* _PROBLEM_
Using the records below, copy exactly the part that opens with the line holding "High-Q Unisex Anime" and closes with the line holding "Alfabe harfi kombinasyonu", minus the pictures.

*** Opening of DATA TO EXAMINE ***

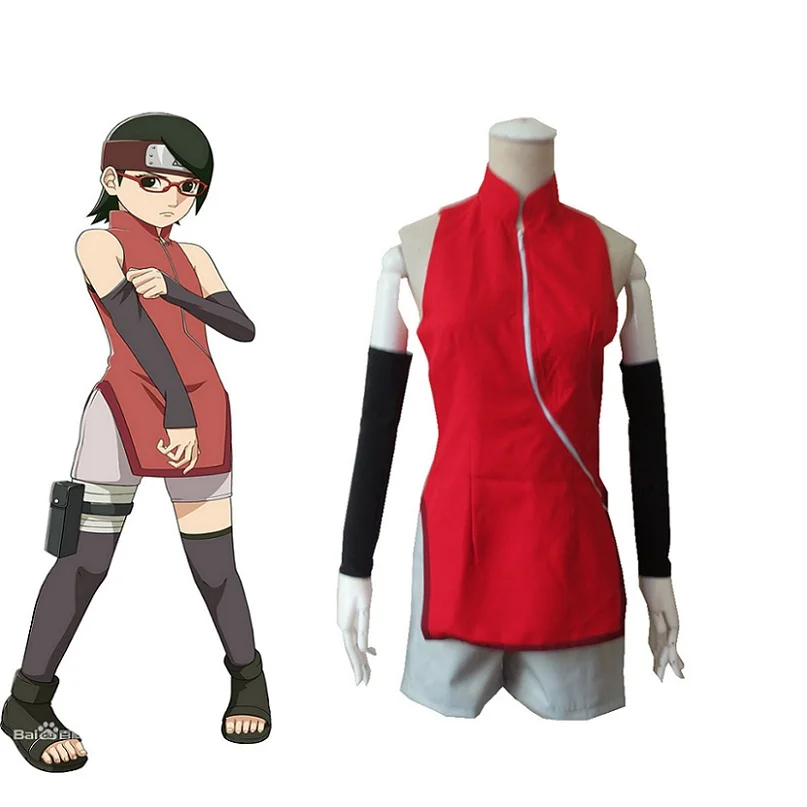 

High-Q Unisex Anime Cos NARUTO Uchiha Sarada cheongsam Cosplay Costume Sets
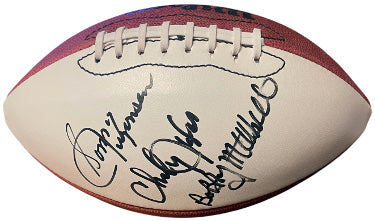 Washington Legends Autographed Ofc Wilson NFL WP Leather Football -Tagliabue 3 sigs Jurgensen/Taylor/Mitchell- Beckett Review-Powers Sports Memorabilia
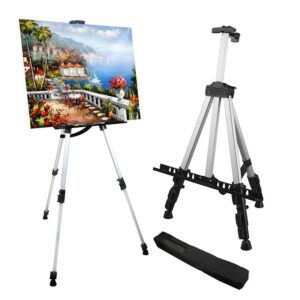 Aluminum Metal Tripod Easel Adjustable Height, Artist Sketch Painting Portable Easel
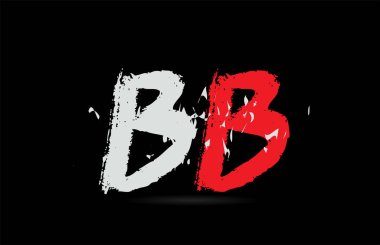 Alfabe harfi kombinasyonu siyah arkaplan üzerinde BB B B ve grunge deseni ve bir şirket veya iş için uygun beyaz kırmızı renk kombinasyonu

*** Close of DATA TO EXAMINE ***
*** Opening of DATA TO EXAMINE ***

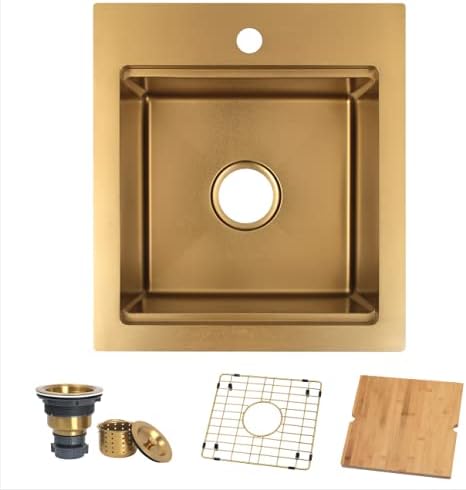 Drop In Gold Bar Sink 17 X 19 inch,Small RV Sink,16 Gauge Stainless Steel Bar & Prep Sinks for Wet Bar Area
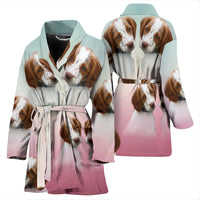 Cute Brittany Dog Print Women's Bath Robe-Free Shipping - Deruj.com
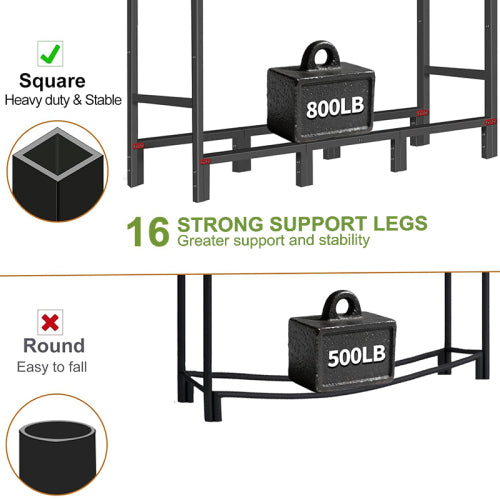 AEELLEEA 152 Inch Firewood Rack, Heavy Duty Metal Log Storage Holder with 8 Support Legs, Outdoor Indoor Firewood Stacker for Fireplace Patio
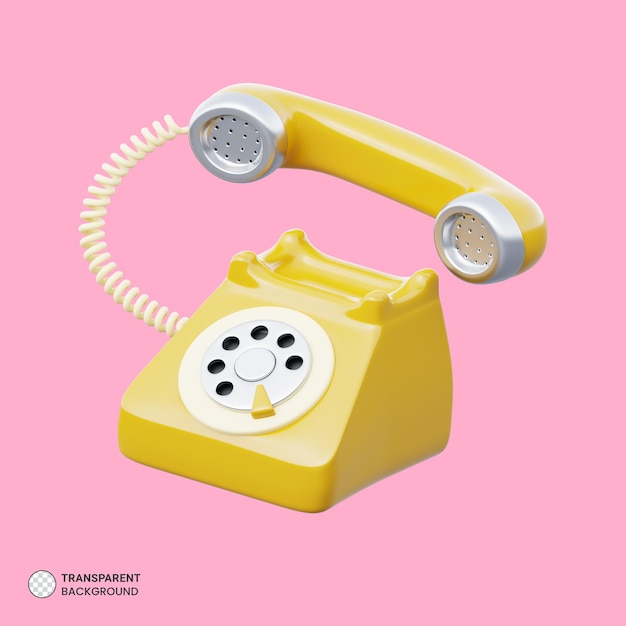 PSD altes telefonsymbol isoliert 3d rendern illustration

*** Close of DATA TO EXAMINE ***

* _WRITTEN RESPONSE_
High-Q Unisex Anime Cos NARUTO Uchiha Sarada cheongsam Cosplay Costume Sets
 Washington Legends Autographed Ofc Wilson NFL WP Leather Football -Tagliabue 3 sigs Jurgensen/Taylor/Mitchell- Beckett Review-Powers Sports Memorabilia
 Aluminum Metal Tripod Easel Adjustable Height, Artist Sketch Painting Portable Easel
 Alfabe harfi kombinasyonu siyah arkaplan üzerinde BB B B ve grunge deseni ve bir şirket veya iş için uygun beyaz kırmızı renk kombinasyonu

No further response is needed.